*Goal of the exercise*:
Write out the listing below in full and exactly, leaving out every picture.

*Dataset content*:
- - - - - - -

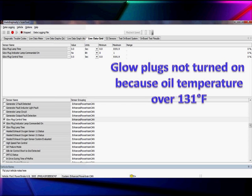To prove that they're turned off above 132 degrees, we warmed up an engine, shut it off at 132, and sure enough, looking at scan data, we find the glow plug injector lamp — command it on — glow plug time zero, control time zero. We have no desire to run the glow plugs because we're plenty warm.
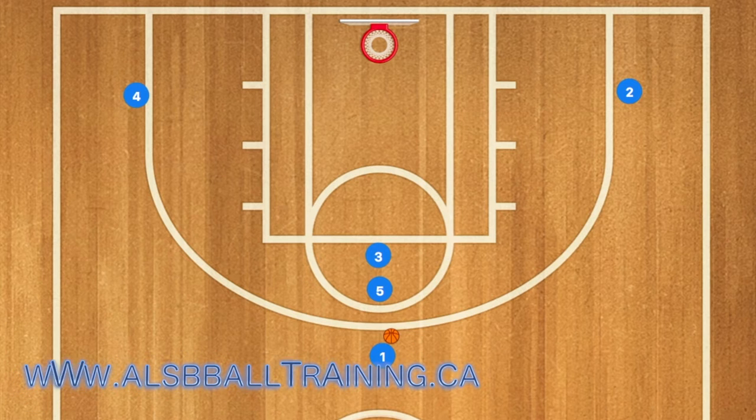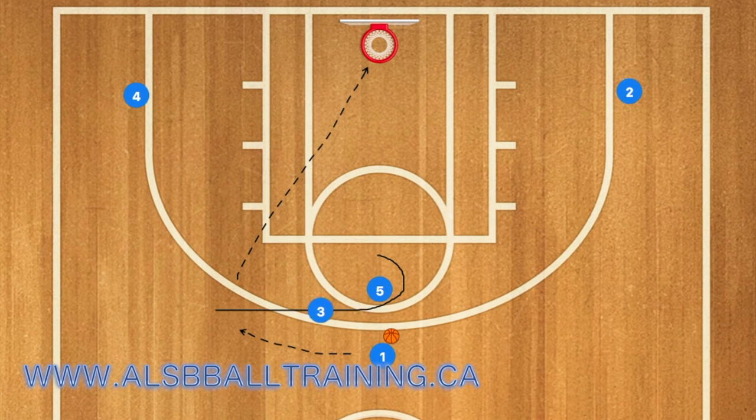Hello basketball coaches. First, player three will curl around player five. Player five will then pop out to the three-point line, and if he is open, he could receive a pass and be open for a three-point shot.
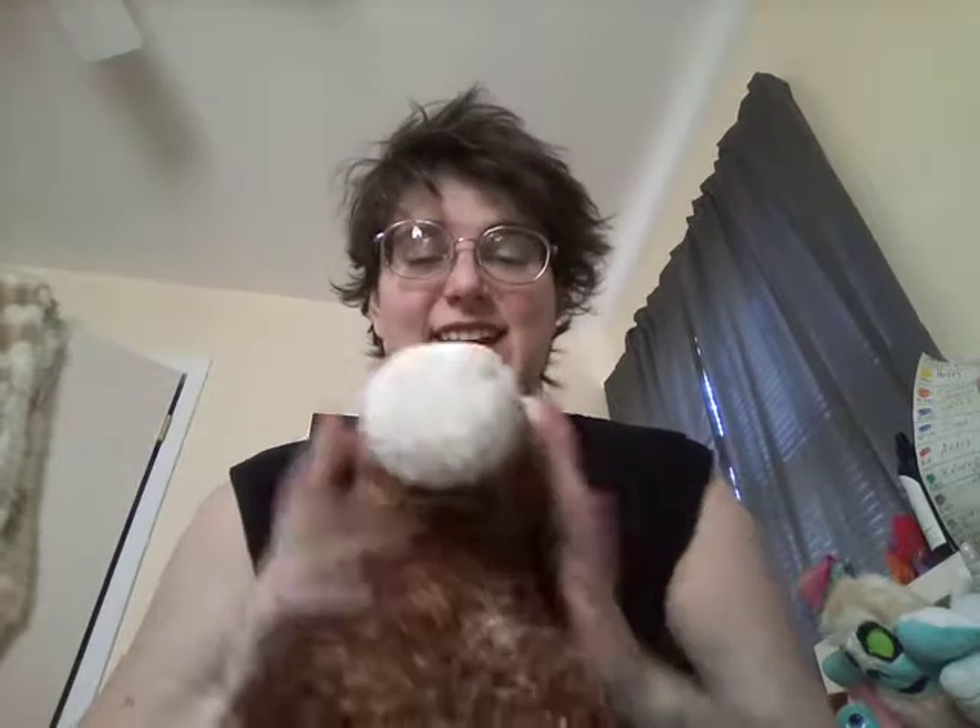Hello there! I'm ScorpionsFatality and this lovely, lovely gal. This is an old Build-A-Bear who I can't remember the date for. I think it was 2006, I can't remember.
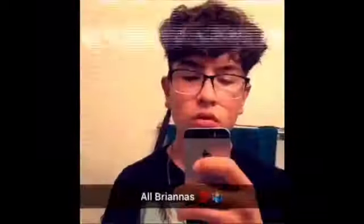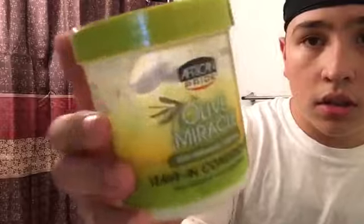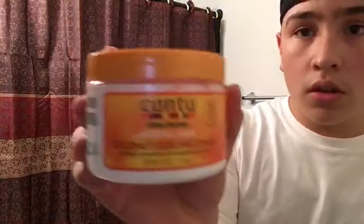Welcome back to another video on my channel. Today I'm going to be talking about my wash and style — how I wash it and style it. The products I'll be using are this leave-in conditioner and this coconut curling cream.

- - - - - - -

*Written answer*:
To prove that they're turned off above 132 degrees, we warmed up an engine, shut it off at 132, and sure enough, looking at scan data, we find the glow plug injector lamp — command it on — glow plug time zero, control time zero. We have no desire to run the glow plugs because we're plenty warm.
Hello basketball coaches. First, player three will curl around player five. Player five will then pop out to the three-point line, and if he is open, he could receive a pass and be open for a three-point shot.
Hello there! I'm ScorpionsFatality and this lovely, lovely gal. This is an old Build-A-Bear who I can't remember the date for. I think it was 2006, I can't remember.
Welcome back to another video on my channel. Today I'm going to be talking about my wash and style — how I wash it and style it. The products I'll be using are this leave-in conditioner and this coconut curling cream.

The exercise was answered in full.